Question

People have been telling me that "GPU renders triangles only".

But how do you explain GPU rendering a quad with 4 lines only in the wireframe mode, shouldnt it be rendering it with 5 lines since GPU cannot understand quads ?

On the other hand, how can i emulate quads in the future where GL_QUADS is banned ? do i need a shader for it, do i need to generate new array of lines for each object and i cant just simply switch from GL_FILL to GL_LINE ?

Was it helpful?

Solution

Lines are something different than filled primitives.
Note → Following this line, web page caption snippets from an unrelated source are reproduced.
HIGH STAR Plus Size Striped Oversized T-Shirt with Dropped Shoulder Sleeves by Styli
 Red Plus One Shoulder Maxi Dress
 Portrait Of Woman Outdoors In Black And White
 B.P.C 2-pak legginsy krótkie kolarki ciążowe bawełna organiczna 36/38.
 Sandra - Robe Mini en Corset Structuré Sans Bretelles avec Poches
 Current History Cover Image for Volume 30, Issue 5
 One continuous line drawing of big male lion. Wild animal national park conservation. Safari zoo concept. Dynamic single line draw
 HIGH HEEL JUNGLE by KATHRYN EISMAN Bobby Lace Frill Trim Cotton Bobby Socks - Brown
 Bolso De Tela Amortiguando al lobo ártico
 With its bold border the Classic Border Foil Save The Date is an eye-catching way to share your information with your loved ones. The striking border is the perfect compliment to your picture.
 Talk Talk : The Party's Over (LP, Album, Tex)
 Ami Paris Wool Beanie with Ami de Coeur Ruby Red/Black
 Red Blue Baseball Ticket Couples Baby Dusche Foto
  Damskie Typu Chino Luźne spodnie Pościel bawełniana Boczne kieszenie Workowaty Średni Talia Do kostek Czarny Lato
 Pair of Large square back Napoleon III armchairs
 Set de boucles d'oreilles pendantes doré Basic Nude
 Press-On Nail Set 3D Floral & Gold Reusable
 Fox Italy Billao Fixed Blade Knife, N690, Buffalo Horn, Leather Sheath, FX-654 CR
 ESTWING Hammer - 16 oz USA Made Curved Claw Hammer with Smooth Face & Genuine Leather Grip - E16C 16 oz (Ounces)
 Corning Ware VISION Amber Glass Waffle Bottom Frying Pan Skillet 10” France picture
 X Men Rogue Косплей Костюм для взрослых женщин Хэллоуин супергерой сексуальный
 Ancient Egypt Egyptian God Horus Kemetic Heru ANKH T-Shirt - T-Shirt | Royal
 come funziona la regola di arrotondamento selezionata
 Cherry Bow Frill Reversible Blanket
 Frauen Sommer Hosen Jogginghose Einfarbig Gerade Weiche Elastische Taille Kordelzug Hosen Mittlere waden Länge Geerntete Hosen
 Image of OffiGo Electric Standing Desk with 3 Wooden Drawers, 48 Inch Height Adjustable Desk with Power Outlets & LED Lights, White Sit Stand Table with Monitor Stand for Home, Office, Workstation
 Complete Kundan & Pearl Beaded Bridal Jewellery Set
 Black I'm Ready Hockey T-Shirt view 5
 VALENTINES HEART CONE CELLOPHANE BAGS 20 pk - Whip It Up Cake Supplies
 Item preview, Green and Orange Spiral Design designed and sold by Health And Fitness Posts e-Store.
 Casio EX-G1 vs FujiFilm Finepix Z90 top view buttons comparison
When switching to glPolygonMode(…, GL_LINE) whenever a filled primitive is started (GL_TRIANGLES, GL_QUADS), OpenGL won't sent commands for filled primitives, but lines between the vertices of the filled primitive. So GL_TRIANGLES translates to tupled of 3 GL_LINES, GL_QUADS translates to tuples of 4 GL_LINES. GL_POLYGON is translated to a GL_LINE_LOOP. Of course those translations don't happen in terms of OpenGL, but the OpenGL driver will send commands to the GPU that are equivalent to what would have been sent; also there are some subtle differences between GL_LINE polygon mode and sending actual lines, most notably the evaluation of the edge flag.

OTHER TIPS

I din't understand your question fully but from what I understood here is the answer.

There are 2 concepts
1. Interpolation Used for figuring out which pixels are to be drawn on a line.
2. Rasterization Used for figuring out what properties (colors, texture etc.) to be assigned to the pixels lying inside a triangle. GPU can raster only triangles and interpolate only lines. So when you are in a wireframe model only interpolation of the boundary of polygons is done. But when we are in solid geometry model along with interpolation we also raster the polygon.